Ostatni występ odbył się w Wielowsi. Do roli Poety wróciła, mieszkanka tej miejscowości – nasza Paulina Jakubas, a Ważniakiem znów stał się Szymon. Iwona natomiast została wydelegowana do sprzętu w zawiązku z nauczką
z poprzedniego smerfowania. Tymczasem Krzysztof powrócił na jasną stronę mocy i znów stał się ukochanym Papciem!

Kasia: „W Wielowsi grało mi się chyba najlepiej – zrezygnowaliśmy z nagłośnienia i ograniczających ruchy mikroportów. Akustyka dobra, scena ładna, czego chcieć więcej? Dobre nastawienie i przekonanie, że teksty uleżały się głowach dodało sił, a żywo reagująca, spora publika – animuszu. Będę tęsknić – nie zawsze
w projektach, które przygotowujemy jest miejsce na „wydziczenie się” instruktorów, cieszę się, że tym razem się znalazło!”

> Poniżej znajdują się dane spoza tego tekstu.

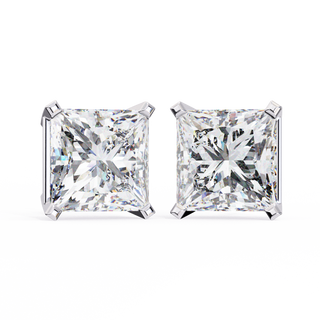 Modern Lab Grown Diamond Stud Earrings by Aupulent Jewellery 100% certified lab grown diamonds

Smerfy będziemy wspominać bardzo dobrze i na wesoło! Począwszy od walki z upierdliwą w transporcie, ale piękna scenografią (autorzy: Krzysiu, Julka Barszcz, Iwona i Kasia), przez cyrki ze strojami (smerfowe gacie krążące z rąk do rąk…), ulubione – słowne przekręty (Ołysieję? Wysiwieję?) po chociażby przewrotki w trakcie pogoni za Smerfami i napady śmiechu w trakcie biegu.

Póki co, żegnamy się z tym spektaklem, ale… być może… kto wie… Spotkamy się z nimi jeszcze w przyszłym roku…? Tak więc, posługując się słowami smerfowego Poety:

„Żegnamy się z Wami kochane dzieciaczki, Smerfnie machamy i ślemy buziaczki!”

Adaś (Gargamel nr 1):Rola Gargamela była dla mnie nowością ze względu na to, że w naszej pierwszej odsłonie Smerfów grałem Łasucha. Fajnie było wcielić się tym razem w czarny charakter, zwłaszcza, że o dziwno do tej pory, a jestem w grupie od początku, nie miałem okazji nim być (dziwne… dlaczego?). Pozytywnie, jak zawsze odbieram wspólną grę powiązanych postaci. Nie mogę się jednak doczekać przyszłego projektu, w którym odkurzę swój ukochany instrument 😛 !”

I niechaj ta wypowiedź będzie delikatną zapowiedzią, tego, co już niedługo będzie się u nas działo!